» **EXERCISE PROMPT**
All records are to be reproduced verbatim, with images omitted.

» **RECORD EXCERPTS**

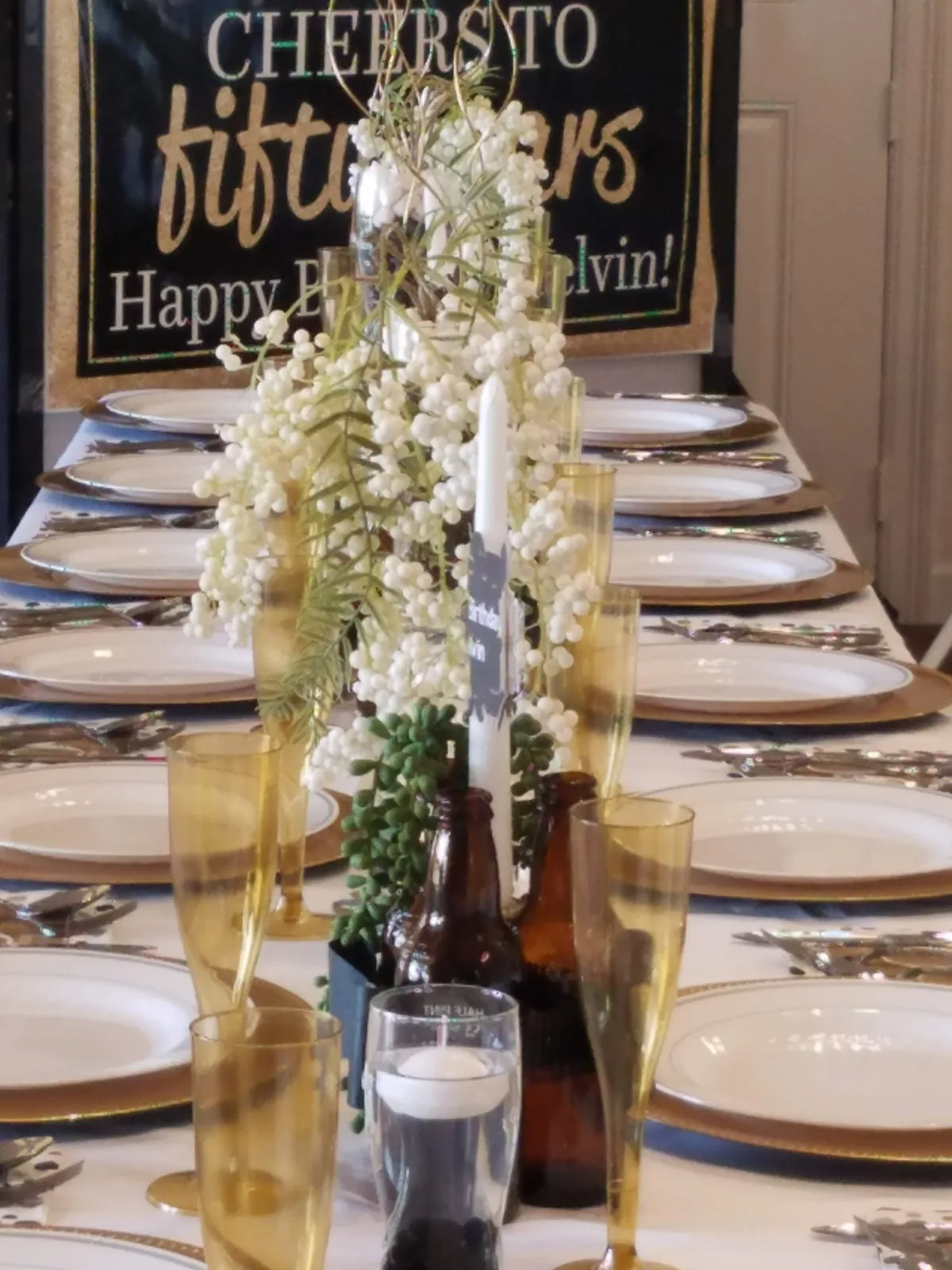 Long banquet tablescape with gold chargers, taper candles and white berry centerpieces for a milestone birthday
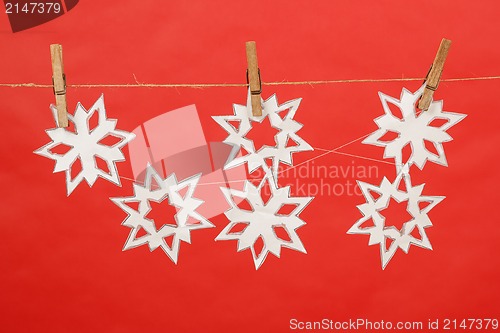 Image of snowflakes produced by child hanging on red background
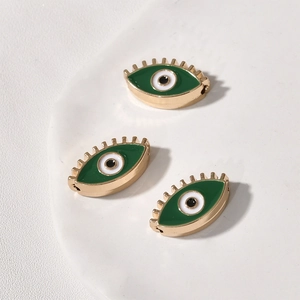 Detail von grünen Evil-Eye-Perlen mit goldenen Wimpern auf einem weißen Tablett
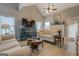 Cozy living room features vaulted ceilings, a fireplace, and hardwood floors, providing a welcoming atmosphere at 4128 Pemberton Dr, Covington, GA 30014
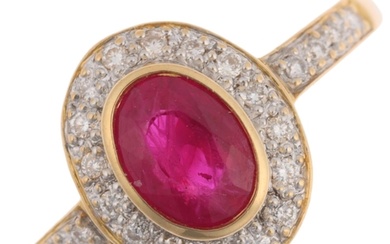 A modern 18ct gold ruby and diamond oval cluster ring, rub-o...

» **RESPONSE**
 Long banquet tablescape with gold chargers, taper candles and white berry centerpieces for a milestone birthday
 Image of snowflakes produced by child hanging on red background
 Detail von grünen Evil-Eye-Perlen mit goldenen Wimpern auf einem weißen Tablett
 Cozy living room features vaulted ceilings, a fireplace, and hardwood floors, providing a welcoming atmosphere at 4128 Pemberton Dr, Covington, GA 30014
 A modern 18ct gold ruby and diamond oval cluster ring, rub-o...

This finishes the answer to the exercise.